Nathan Helm-Burger comments on A Mechanistic Interpretability Analysis of Grokking

Nathan Helm-Burger 22 Aug 2022 16:37 UTC
1 point
0
Maybe this is a bit off topic but I thought about this some more and think maybe the conversation is missing something.
I have a hypothesis that the memorization → grokking thing is actually maybe like a spectrum of understanding or maybe there’s some third thing like ‘actual conceptual understanding which truly generalizes’.
So consider we have four different models. One has memorized all solutions of integer addition up to 4 digits. Another has generalized integer addition up to 5 digits, but makes mistakes on 6+ digits. This is somewhere in-between memorization and grokking. The third has fully understood addition, it fully grokked this during training and can solve arbitrarily long addition problems (given limitations of context size). A fourth doesn’t know addition beyond single digits but is able to read and follow instructions in some sort of flexible way. It groks multi-digit addition just from the prompt alone.
Models 1 & 2 should fail the following test. Models 3 & 4 should pass. Most reasonably educated adults should pass (barring occasional mistakes due to lapses in concentration).
I feel like we’re getting caught up thinking about models 1 & 2, or maybe 1 vs <unclear confusion between 2,3,4> without properly checking for and distinguishing between all four types.
[My description of addition in this prompt could be improved, but you get the idea.]
Prompt:
“Congratulations, you’ve made it to the final round of our quiz show! The only question left you have to answer in order to win $1000000 is this difficult addition problem. But don’t worry, you have as much time and scratch paper as you need to answer the question. Also, we’ll explain the basics of long addition to you right here so you have a refresher.
Positive integers are written as a series of numerals from the set [0,1,2,3,4,5,6,7,8,9]. Each position in the number represents a different amount of value. The rightmost digit is called the ‘ones’ place, the next one to the left is the ‘tens’ place, the third is the ‘hundreds’ place. This continues increasing by 10x each time.

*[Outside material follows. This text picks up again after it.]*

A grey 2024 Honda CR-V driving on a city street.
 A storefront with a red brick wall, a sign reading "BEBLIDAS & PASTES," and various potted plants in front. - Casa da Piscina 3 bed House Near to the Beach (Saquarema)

To do long addition of positive integers, write the two numbers out one above the other so that their digits are aligned on the right hand side. Draw a horizontal line beneath them to keep your answer clearly separate from the question. Starting on the right, add the first two aligned numbers together. If the resulting number is larger than 9, you must ‘carry the one’ to the next column to the left. This means that for the column result you just got, you keep the ‘ones’ digit in place for that column and add a 1 to the next column to the left so that when you solve that column you will be adding three numbers together, the two original numbers and the ‘carried’ 1. If you carry the 1 past the left-hand side of the numbers, then you imagine adding it to implied zeros there, thus it is just 1.
For example:
To solve 998 + 723 =
First, line them up
9 9 8
+ 7 2 3
_____
Then start on the right
8 + 3 = 11
11 is greater than 9, so carry the one.
1
9 9 8
+ 7 2 3
_____
1
Next, do the second column
1 + 9 + 2 = 12
12 is greater than 9 so carry the 1.
1 1
9 9 8
+ 7 2 3
_______
2 1
Now we solve the third column
1 + 9 + 7 = 17
17 is greater than 9 so carry the 1.
1 1 1
9 9 8
+ 7 2 3
_______
7 2 1
Now we have created an additional column to the left by carrying a 1 past the lefthand most digit. We solve this by adding it to imaginary placeholder zeros.
1 + 0 + 0 = 1
1 1 1
9 9 8
+ 7 2 3
_______
1 7 2 1
All steps are now complete. The answer is 1721.
Take your time, show your work, and double check your work to make sure you haven’t made an error! Even a single digit wrong disqualifies you!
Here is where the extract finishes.